Hotel Jerome, Aspen review: How the west was won

Read our writer's views on this property below

Hunter S. Thompson no longer props up the bar, but the Jerome is a storied celebration of US history, writes Lance Richardson.

The hotels of the US cover a vast spectrum, from Waldorf Astoria splendour to the Bates Motel variety on a dusty road to nowhere. Somewhere in this spread sits a series of hotels that act like living museums, embodying the story of the country's westward expansion, the lofty ambition of its people to tame the wilderness and make something monumental and new. The Driskill is one such hotel, built in Austin, Texas, to flaunt the wealth of a local cattle baron in the 1880s. The Old Faithful Inn, in Yellowstone National Park in Wyoming, is an imposing log cabin, perched next to an enormous geyser as if to prove the dominance of man over nature.

The Hotel Jerome in Aspen, Colorado, was conceived as a way of bringing civilisation to the Rocky Mountains. A lavish resting place in a town that sought to fend off savagery with a gilded opera house, the hotel aspired to rival The Ritz in Paris. Jerome Wheeler, a Civil War hero and the president of Macy's department store, put up the necessary capital after migrating across from New York City. His wife hated the move west, but the locals seem to have loved it - they got the first elevator west of the Mississippi River and lined up for hours just to take a ride.

The Jerome opened in 1889. The tax department seized it 20 years later. Ski combat troops slept on the floor during World War II. It closed in the 1960s, then reopened again.

A Bauhaus artist painted the terracotta exterior white and blue; the paint was later removed. Hunter S. Thompson took up residence at the J-Bar and became a famous fixture. The town blossomed and turned into a haven for millionaires and billionaires stopping by for an apres ski.

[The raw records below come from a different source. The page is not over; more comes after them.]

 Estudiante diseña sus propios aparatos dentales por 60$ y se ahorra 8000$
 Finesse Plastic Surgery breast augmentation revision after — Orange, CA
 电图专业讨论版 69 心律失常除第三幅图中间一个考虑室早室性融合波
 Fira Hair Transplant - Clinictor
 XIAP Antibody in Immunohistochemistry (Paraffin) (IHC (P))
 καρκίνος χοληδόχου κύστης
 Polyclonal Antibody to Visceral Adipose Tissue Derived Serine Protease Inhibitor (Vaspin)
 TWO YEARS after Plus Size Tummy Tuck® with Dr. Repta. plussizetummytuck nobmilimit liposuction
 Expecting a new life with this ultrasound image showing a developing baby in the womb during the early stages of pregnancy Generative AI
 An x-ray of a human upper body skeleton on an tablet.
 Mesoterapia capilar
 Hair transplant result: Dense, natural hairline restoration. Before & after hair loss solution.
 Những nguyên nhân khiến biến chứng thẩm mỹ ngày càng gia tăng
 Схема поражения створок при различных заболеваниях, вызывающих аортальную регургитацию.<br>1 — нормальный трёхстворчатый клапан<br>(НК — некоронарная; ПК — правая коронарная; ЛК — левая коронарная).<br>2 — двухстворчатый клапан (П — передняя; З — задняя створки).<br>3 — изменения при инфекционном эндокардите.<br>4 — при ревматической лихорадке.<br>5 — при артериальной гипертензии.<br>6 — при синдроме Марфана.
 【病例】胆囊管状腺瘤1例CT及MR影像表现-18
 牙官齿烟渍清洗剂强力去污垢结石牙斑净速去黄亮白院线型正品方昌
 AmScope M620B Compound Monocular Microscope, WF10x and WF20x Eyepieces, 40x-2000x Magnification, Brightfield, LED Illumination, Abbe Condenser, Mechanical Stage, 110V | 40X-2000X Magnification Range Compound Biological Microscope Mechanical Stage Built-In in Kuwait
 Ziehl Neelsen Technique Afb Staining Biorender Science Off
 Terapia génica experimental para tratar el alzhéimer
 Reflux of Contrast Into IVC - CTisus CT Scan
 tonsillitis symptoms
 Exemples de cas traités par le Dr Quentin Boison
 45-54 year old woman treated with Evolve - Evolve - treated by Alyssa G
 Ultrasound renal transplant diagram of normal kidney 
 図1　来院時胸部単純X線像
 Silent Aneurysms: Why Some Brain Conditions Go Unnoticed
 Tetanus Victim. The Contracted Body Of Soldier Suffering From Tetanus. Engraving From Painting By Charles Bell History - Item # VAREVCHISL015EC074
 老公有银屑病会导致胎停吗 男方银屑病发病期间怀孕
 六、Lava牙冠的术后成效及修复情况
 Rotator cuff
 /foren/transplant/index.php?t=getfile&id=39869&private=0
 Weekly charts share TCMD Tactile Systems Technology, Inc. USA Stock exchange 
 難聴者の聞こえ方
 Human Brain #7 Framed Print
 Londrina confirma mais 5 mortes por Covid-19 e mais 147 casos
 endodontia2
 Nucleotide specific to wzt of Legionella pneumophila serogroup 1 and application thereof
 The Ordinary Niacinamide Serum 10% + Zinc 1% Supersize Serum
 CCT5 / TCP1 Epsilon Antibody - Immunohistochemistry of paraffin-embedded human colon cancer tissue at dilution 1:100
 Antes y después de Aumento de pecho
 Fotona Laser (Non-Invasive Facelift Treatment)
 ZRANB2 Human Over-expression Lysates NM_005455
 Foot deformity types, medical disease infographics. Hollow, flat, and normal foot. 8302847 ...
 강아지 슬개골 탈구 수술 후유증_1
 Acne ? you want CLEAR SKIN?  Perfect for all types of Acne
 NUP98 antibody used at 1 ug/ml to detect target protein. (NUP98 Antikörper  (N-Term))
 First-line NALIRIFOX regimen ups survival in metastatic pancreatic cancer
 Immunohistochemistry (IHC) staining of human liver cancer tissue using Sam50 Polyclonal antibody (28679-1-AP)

All this cumulative history takes a toll, of course: the Jerome closed last year for a much-needed makeover. After five months it reopened in December, with impressive results.

When I visit the Jerome, on its first weekend after the reopening, the finishing touches are still being applied. But sometimes you know a cake is good before the icing has fully set.

The lobby is a curious melange, with miners' artefacts and animal trophies sitting alongside Chinese vases and zebra-print couches. On paper it doesn't work, but in person the effect is something of an elegant bazaar, with vestiges of the Old World, Orient and Africa shipped into the Wild West on a steam train. You feel as if you're on the frontier as conceived by the editors of Vogue.

This impression continues into the terrific Living Room lounge, with cow-skin floor rugs and an open fireplace. Women in fur coats sip Beaujolais beneath a vintage American flag with only 38 stars (Colorado was the 38th state to join the Union). The Living Room and the more casual J-Bar are good enough to attract a local clientele; this is the sort of place in which you want to relax after a chilly day on the ski slopes.


In many ways, these social spaces are the star attraction of the newly renovated hotel. They are the most attentively detailed, and the subject, on this first weekend at least, of countless conversations among guests and staff: Did you see the antler chandeliers in the Wheeler Room? Have you eaten at Prospect, the fine-dining restaurant? Is J-Bar just as good as it used to be?

With such a high benchmark, the guest rooms can seem a little spartan. My junior suite on the third floor is so spacious as to seem under-furnished. I like that certain aesthetic motifs are carried on from the bars, though - my chairs have hooves, like the stools downstairs.

The gourmet wet bar, included in the price, is stocked with delicious treats such as pepper beef jerky, while cocktail packages are just an iPad touch away (room and maid services can also be ordered this way).

The suite decor is muted, embracing tradition, but I question the inclusion of an imposing photograph of Chief Buckskin Charley, described simply as "Ute Indian Chief 1880". Imagine decorating a hotel room with photographs of indigenous Australians and providing no further detail. More information about Chief Buckskin Charley is at the Aspen Historical Society, housed in a building also constructed by Wheeler.

For this hotel, the past is never more than a step around the corner.

The writer travelled courtesy of Aspen/Snowmass.


Trip notes

Where Hotel Jerome, Aspen, Colorado. +1 970 920 1000,

How much Rooms start from $395 (plus tax) in summer and $695 (plus tax) in winter, and include a gourmet wet bar and snacks. Special offers help guests take advantage of the local ski opportunities and the in-house spa.

Top marks The Living Room is destined to become one of Aspen's premier gathering spots and is a must-see, regardless of where you're staying in town.

Black mark A tiled-up fireplace in my room feels like a missed opportunity in a place where gas fires are a dime a dozen.

Don't miss "Aspen Crud": devised to baffle the authorities during Prohibition, it's also the J-Bar's signature drink. It mixes vanilla milkshake with bourbon.